======== SOURCE DATA
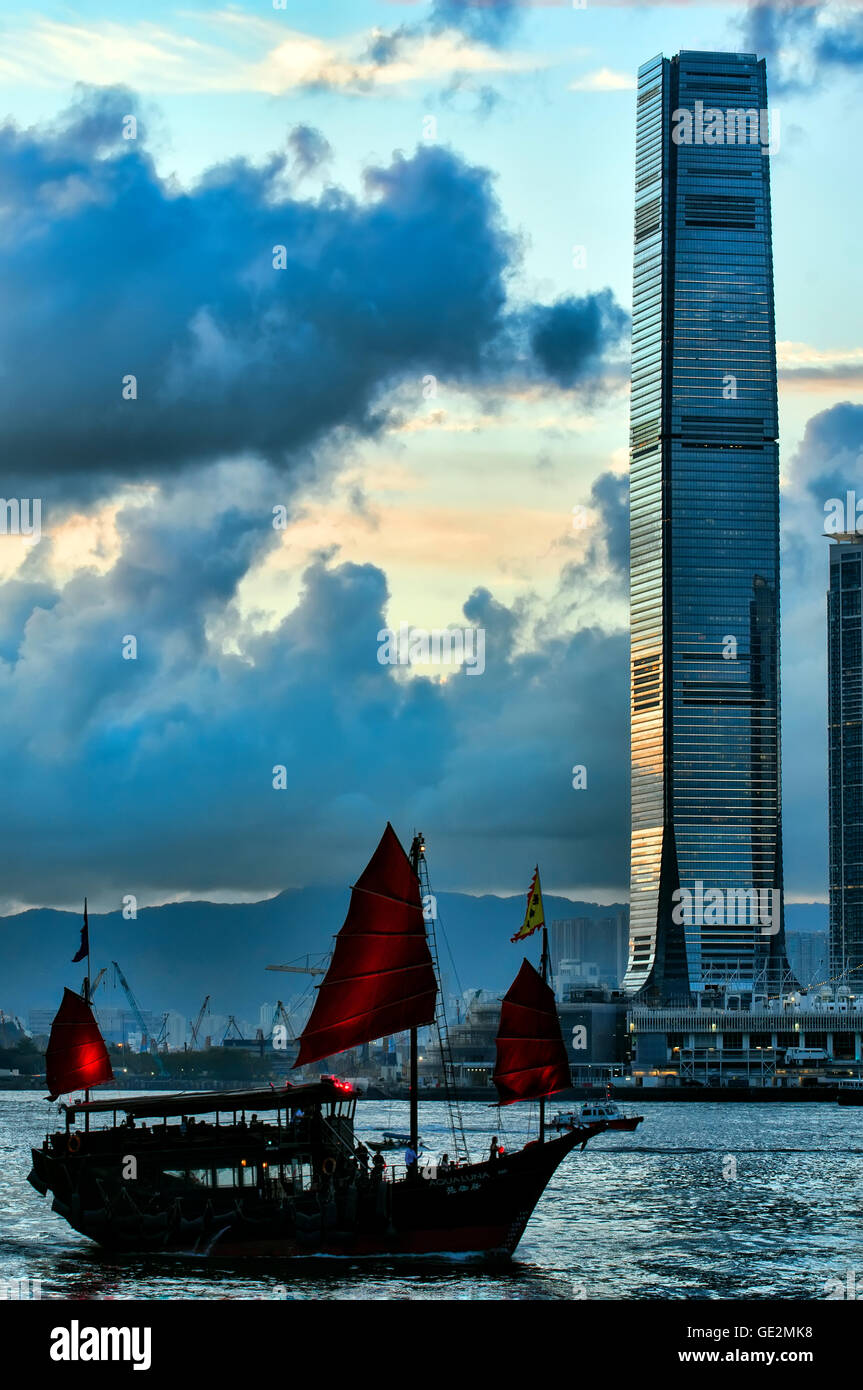 Traditionellen chinesischen Dschunke und das International Commerce Centre, ICC, Kowloon, Victoria Hafen, Hong Kong, China. Stockfoto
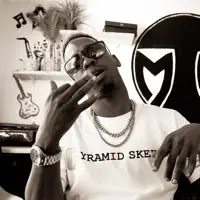 Escucha a undefined, mira videos musicales, lee su biografía, consulta las fechas de las gira y más.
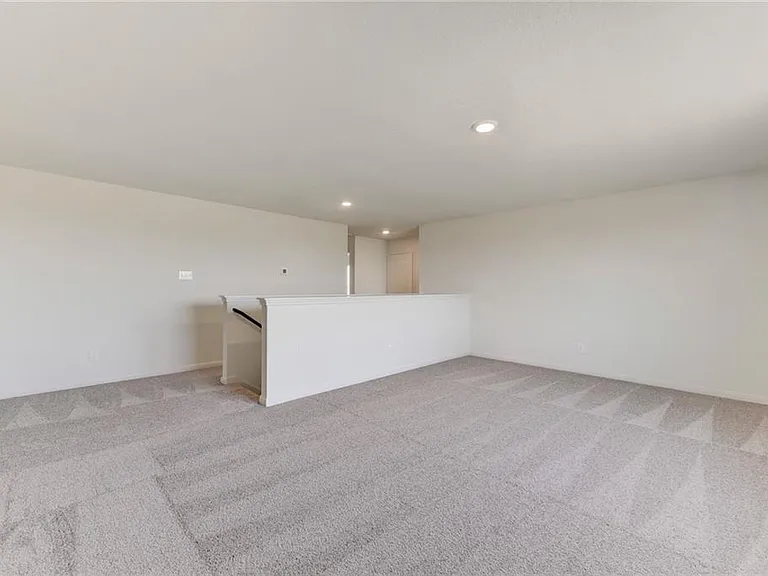 1001 Riverdale Cv — Photo 8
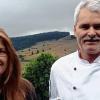 Manuela und David Roth mit der Urkunde für die Teilnahme am Wirte-Coaching.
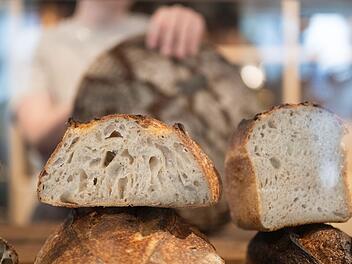 B&auml;ckerei-Vorfall in Erlangen: Mann wirft Bierflasche auf Verk&auml;ufer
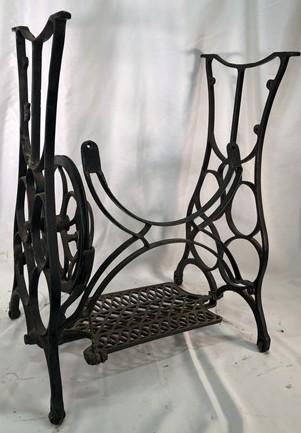 Treadle Sewing Machine, Cast Iron Base, Industrial Age Singer Steampunk RE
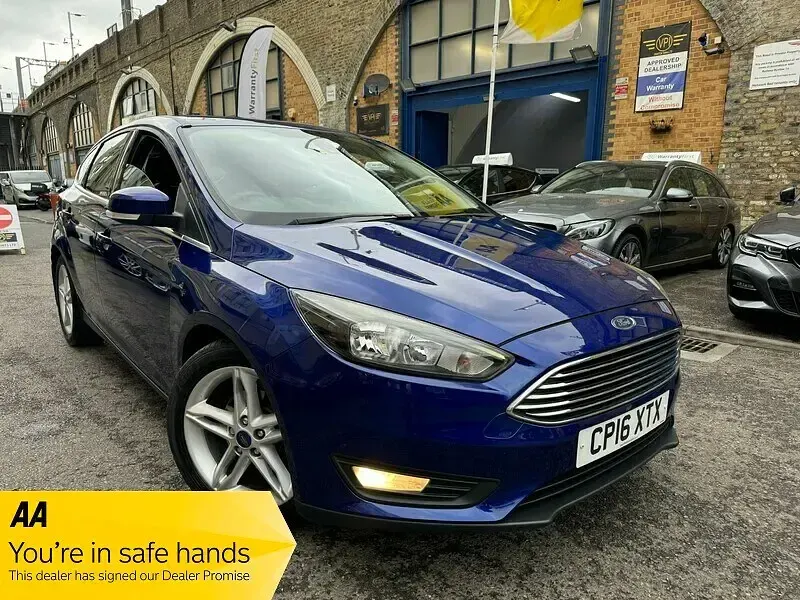 Used Ford Focus Zetec 125 HP (91 kW) 2016 Blue Hatchback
================
▶ _TASK REQUIREMENTS_
Only an exact copy is needed: the lines from the opening of the listing through the line with "Manuela und David", both included, minus the pictures.

▶ _ANSWER SECTION_
 Traditionellen chinesischen Dschunke und das International Commerce Centre, ICC, Kowloon, Victoria Hafen, Hong Kong, China. Stockfoto
 Escucha a undefined, mira videos musicales, lee su biografía, consulta las fechas de las gira y más.
 1001 Riverdale Cv — Photo 8
 Manuela und David Roth mit der Urkunde für die Teilnahme am Wirte-Coaching.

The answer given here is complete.